Rupanya, yang ia lakukan –dengan target ingin memberi harga murah—sangat sederhana. Ia memilih buah yang tidak begitu besar, dengan kondisi buah yang mungkin tak masuk dalam kualitas super. Dengan kualitas sedang itu, harga yang dibeli dengan sendirinya juga menjadi murah. Harga yang demikian, memungkinkan juga harga ke konsumen menjadi murah. Saya sebut memungkinkan, karena tak semua penjual akan memilih jalan untuk menawarkan harga murah seperti ini. Umumnya penjual menginginkan untung yang banyak.
Menarik bagi saya karena penjual jus ini tidak mengambil untung yang berlipat. Biasanya orang-orang, walau memakai bahan yang sedang dengan harga yang juga sedang, tetapi giliran menawarkan ke konsuman, harganya akan disesuaikan dengan harga yang super. Beda dengan penjual jus ini. Orang ini tidak demikian. Ia tetap mengambil sedikit setelah dihitung dengan modal yang harus dikeluarkan.
Setelah menyaksikan dan tahu kondisi tersebut, saya sempat bertanya mengapa ia bisa berjualan dengan rumus sesederhana itu. Jawabannya sudah sering kita dapatkan dari kearifan-kearifan, bahwa ketika orang yang membeli senang, maka mereka akan membawa penjual sebanyak mungkin ke tempat kita. Barangkali rumus inilah yang berlaku ketika kemudian banyak orang yang datang ke sana turut andil dari pembeli sebelumnya.
Mencari untung yang pas-pasan bukanlah tipikal semua penjual. Saya sedikit belajar pada orang ini mengenai satu versi kejujuran, di tengah riuh-rendah ketidakjujuran masif.
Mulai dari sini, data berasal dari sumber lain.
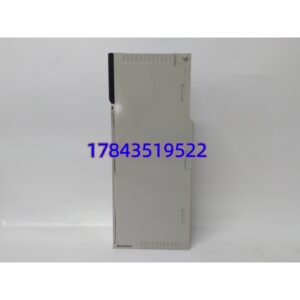 ProSoft PTQ-PDPMV1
Dalam konteks yang lebih luas, bahkan orang yang seharusnya melayani kita pun, semakin sering berjual beli dengan kalkulasi untung rugi. Pertanyaannya apakah mereka yang telah menerima hak untuk melayani rakyat, lalu kemudian bermain teka-teki dalam melayani, tidak takut akan ada mahkamah dari tanggung jawabnya?
Pengalaman saya ini, mengingatkan apa yang dilakukan sejumlah mahasiswa yang diceritakan senior saya. Saat mereka merasa wajib memperoleh nilai bagus, namun dengan tidak berusaha, justru akan memungkinkan mereka memiliki jalan-jalan buruk.
Bulan ini, seyogianya menjadi momentum untuk memperkuat kejujuran. Membiasakan diri dalam melakukan apapun dengan berusaha lalu yakini akan hasil yang baik. Melakukannya dengan jujur, akan menambah yakin akan mendapat hasil yang baik itu.